Алексей Константинович Толстой  (1817–1875) известен читателю как тонкий лирик (недаром многие его стихи положены на музыку), исторический романист (кто же не читал "Князя Серебряного"?), драматург (историческая трилогия о событиях на Руси прославлена многими постановками), несравненный мастер иронии (Козьма Прутков едва ли не превзошёл славою одного из своих создателей). Гораздо менее знаем мы его как поэта духовной направленности. Между тем, в самом его обращении к истории нельзя не увидеть стремления дать нравственно-религиозное осмысление не только событий давнего прошлого, но и жизни вообще. И если в лирике поэта произведений чисто духовного содержания не столь много, то это вовсе не говорит о религиозном индифферентизме его. Скорее это целомудренное желание скрыть слишком сокровенные переживания.

Но религиозное чувство, если оно есть, не может не обнаружить себя. Оно отразилось во всей полноте прежде всего в поэмах «Грешница» и "Иоанн Дамаскин", главная тема которых — торжество святости.

Сюжет «Грешницы» (1858) прост, безыскусен. События происходят в Иудее при правлении Пилата. Некая грешница-блудница горделиво утверждает, что никто не сможет смутить её и заставить отречься от греха. Однако святость Христа повергает её.

Поэма "Иоанн Дамаскин" (1859) основана на житии святого, она есть его поэтическое переложение. Разумеется, автор выделил в пересказе прежде всего то, что живо тревожило его душу: тема осуществления поэтом Божьего дара, преодоления препятствий для духовного поэтического творчества.

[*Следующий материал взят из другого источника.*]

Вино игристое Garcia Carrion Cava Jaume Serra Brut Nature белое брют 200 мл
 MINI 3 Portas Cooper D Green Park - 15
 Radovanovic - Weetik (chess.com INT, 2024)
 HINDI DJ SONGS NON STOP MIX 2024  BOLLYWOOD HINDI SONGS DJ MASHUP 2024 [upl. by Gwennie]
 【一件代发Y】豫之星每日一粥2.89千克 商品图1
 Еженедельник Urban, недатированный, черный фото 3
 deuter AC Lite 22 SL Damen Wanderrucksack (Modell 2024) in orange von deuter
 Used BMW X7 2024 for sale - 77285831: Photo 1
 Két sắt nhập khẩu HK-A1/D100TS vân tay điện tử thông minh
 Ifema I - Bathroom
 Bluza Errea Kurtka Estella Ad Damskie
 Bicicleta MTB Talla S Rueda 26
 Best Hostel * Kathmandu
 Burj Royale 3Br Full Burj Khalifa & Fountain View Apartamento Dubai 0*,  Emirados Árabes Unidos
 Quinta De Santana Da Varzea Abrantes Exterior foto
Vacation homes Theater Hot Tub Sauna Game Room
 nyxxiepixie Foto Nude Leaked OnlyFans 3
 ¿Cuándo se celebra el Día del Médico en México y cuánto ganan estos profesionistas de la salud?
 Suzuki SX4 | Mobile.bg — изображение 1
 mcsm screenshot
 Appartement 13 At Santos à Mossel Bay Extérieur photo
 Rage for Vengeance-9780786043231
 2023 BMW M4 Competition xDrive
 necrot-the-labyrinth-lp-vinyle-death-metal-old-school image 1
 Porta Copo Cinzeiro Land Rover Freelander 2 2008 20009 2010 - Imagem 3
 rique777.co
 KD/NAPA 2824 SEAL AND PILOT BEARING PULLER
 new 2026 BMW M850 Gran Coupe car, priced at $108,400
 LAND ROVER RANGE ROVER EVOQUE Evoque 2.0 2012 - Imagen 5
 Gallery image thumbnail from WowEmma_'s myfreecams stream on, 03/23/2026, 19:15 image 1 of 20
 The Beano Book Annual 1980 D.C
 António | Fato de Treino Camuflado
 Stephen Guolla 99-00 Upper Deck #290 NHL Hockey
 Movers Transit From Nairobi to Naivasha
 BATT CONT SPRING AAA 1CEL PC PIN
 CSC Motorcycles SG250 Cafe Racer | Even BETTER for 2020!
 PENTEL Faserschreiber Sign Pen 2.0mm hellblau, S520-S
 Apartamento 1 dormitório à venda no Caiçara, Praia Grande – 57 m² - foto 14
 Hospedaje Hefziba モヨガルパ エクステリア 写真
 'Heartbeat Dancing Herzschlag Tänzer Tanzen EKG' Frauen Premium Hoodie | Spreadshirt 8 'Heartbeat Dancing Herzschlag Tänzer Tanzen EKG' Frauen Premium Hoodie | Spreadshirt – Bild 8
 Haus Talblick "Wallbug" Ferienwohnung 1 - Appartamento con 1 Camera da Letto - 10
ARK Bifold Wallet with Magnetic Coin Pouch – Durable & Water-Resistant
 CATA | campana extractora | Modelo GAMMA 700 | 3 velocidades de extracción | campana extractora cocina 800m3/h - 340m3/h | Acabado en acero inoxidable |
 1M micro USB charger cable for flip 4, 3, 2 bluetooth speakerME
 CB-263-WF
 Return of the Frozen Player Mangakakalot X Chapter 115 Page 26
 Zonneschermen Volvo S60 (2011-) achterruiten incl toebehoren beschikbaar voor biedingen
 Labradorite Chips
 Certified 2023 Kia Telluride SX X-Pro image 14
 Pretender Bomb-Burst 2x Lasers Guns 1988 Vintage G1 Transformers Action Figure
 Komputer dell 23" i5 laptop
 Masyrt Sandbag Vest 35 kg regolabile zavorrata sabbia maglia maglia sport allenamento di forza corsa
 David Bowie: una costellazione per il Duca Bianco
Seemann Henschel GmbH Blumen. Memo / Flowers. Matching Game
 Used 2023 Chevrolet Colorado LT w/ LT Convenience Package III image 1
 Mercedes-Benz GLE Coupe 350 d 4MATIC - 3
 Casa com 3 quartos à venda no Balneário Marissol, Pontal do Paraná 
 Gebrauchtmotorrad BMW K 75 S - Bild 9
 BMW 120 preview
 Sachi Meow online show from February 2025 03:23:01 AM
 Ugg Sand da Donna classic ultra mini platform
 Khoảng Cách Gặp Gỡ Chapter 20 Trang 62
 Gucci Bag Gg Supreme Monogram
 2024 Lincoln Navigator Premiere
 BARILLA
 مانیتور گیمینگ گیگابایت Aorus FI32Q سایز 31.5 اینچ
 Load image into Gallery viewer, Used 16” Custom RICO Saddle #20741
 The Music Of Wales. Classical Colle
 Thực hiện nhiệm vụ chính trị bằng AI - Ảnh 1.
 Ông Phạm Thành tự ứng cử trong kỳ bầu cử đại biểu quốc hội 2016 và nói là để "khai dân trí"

Особого разговора требует историческая трилогия А.К. Толстого, состоящая из трагедий "Смерть Иоанна Грозного" (1866), "Царь Феодор Иоаннович" (1868) и "Царь Борис" (1870). Трилогию можно рассматривать как грандиозное произведение в пятнадцати актах: настолько близки между собою все части событиями и составом действующих лиц. Главный герой трилогии — Борис Годунов, с ним связана основная нравственно-религиозная проблематика её. Борис — в центре событий, разворачивающихся не только в последней трагедии, но и в первых двух: как действующее лицо он равнозначен и царю Иоанну, и Феодору. Единство действия трёх трагедий основано на сквозной интриге — на стремлении Бориса к власти и на пребывании его во власти. При этом каждая часть строится и на собственной идее, выделяемой из единого содержания трилогии как составная часть.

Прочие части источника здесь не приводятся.